Some noise is still present within the corpus. Below we list some of the potential issues that can be experienced when consulting the corpus:

1. Incorrect formatting of elements within tables.
2. Rare encoding problems of non-Latin characters, deriving from the original HTML files.
3. Discrepancies among parallel segments due to:

3.1. Differences in translation (alphabetically ordered lists or sentence ordering).
3.2. Minor segmentation errors.

References

Baroni M., Schmid H., Zanchetta E., Stein A. (2007). The Enriched TreeTagger System. Proceedings of the Evalita Workshop (10th Congress of Italian Association for Artificial Intelligence, AI*IA 2007). University of Roma "Tor Vergata", Rome, Italy.

Honnibal M., Montani I., Van Landeghem S. and Boyd A. (2020). SpaCy: Industrial-strength Natural Language Processing in Python. doi:10.5281/zenodo.1212303.

Schmid H. (1994). Probabilistic Part-of-Speech Tagging Using Decision Trees. Proceedings of International Conference on New Methods in Language Processing. Manchester, UK.

Schmid H., Laws F. (2008). Estimation of Conditional Probabilities with Decision Trees and an Application to Fine-Grained POS Tagging.
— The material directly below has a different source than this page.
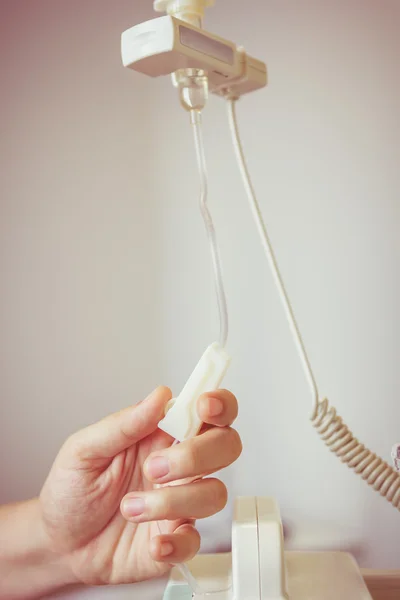 Nurse's hands regulation an intravenous (IV) drip in hospital room — Stock Photo, Image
In COLING '08: Proceedings of the 22nd International Conference on Computational Linguistics (pp. 777-784). Volume 1. Manchester: Association for Computational Linguistics.

Vondřička P. (2014). Aligning parallel texts with InterText, In: N. Calzolari, K. Choukri, T. Declerck, H. Loftsson, B. Maegaard, J. Mariani, A. Moreno, J. Odijk and S. Piperidis (Eds.), Proceedings of the Ninth International Conference on Language Resources and Evaluation (LREC'14) (pp. 1875-1879). Reykjavik: European Language Resources Association (ELRA).